RAW DATA »
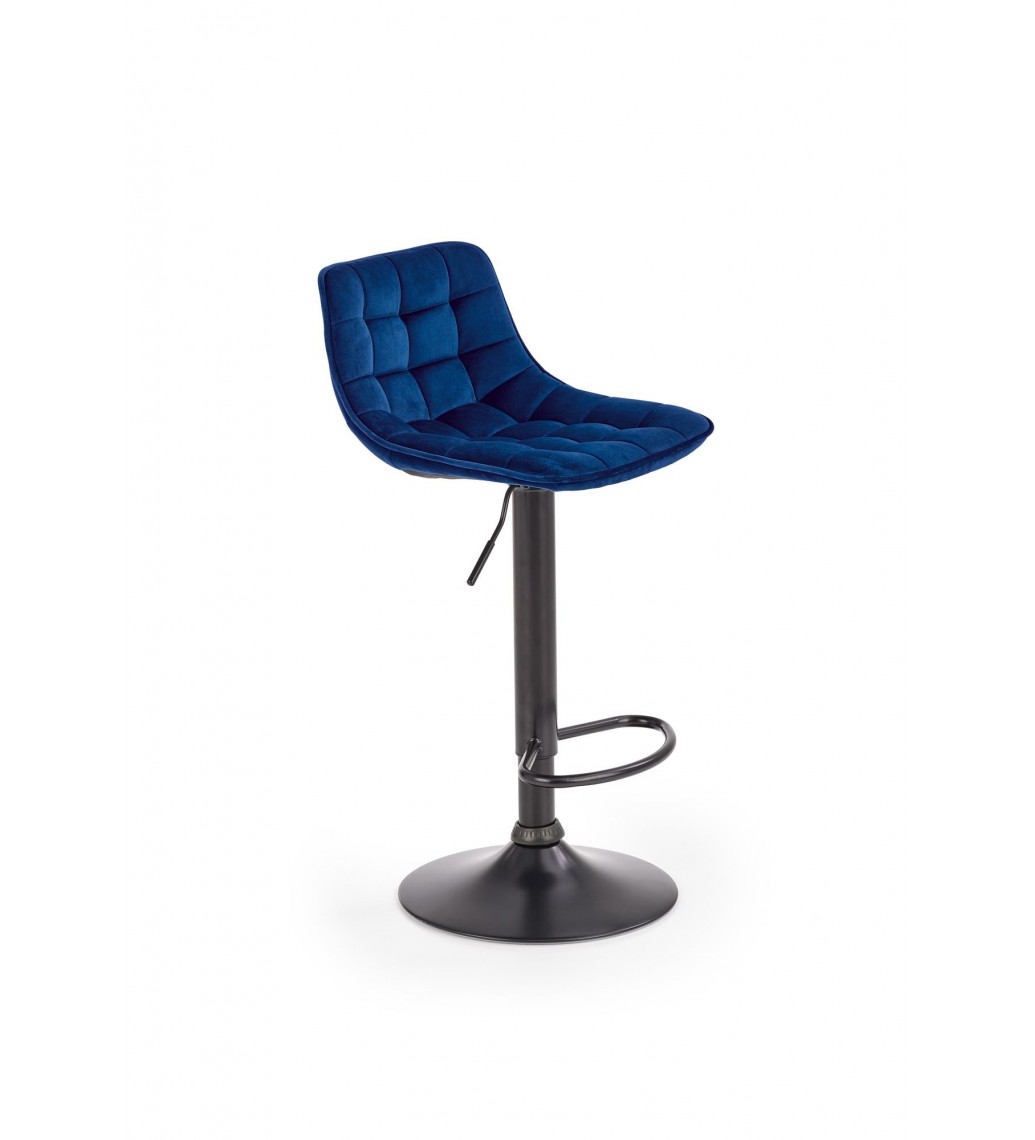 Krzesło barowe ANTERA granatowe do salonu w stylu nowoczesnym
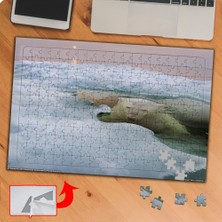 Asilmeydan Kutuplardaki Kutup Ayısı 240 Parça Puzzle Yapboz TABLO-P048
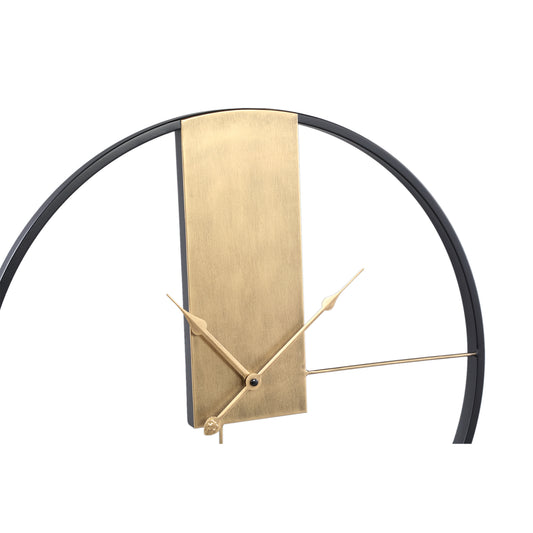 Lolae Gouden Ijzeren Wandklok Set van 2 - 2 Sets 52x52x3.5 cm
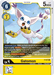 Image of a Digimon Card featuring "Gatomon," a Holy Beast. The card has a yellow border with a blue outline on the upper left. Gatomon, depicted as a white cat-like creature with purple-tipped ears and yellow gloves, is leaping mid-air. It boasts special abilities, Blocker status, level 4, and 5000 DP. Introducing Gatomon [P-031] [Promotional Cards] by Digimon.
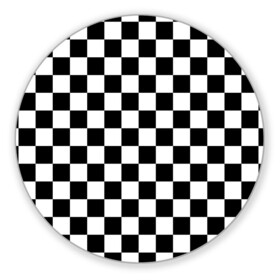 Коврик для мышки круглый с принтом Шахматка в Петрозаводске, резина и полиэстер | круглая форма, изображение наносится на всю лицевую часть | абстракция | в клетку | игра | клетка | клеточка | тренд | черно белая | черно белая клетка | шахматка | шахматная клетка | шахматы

EXERCISE PROMPT » Go to the line above that contains "Asilmeydan Kutuplardaki Kutup" and reproduce everything exactly from there through the line that contains "Lolae Gouden Ijzeren", leaving out the pictures.

SOLVED PROBLEM »
 Asilmeydan Kutuplardaki Kutup Ayısı 240 Parça Puzzle Yapboz TABLO-P048
 Lolae Gouden Ijzeren Wandklok Set van 2 - 2 Sets 52x52x3.5 cm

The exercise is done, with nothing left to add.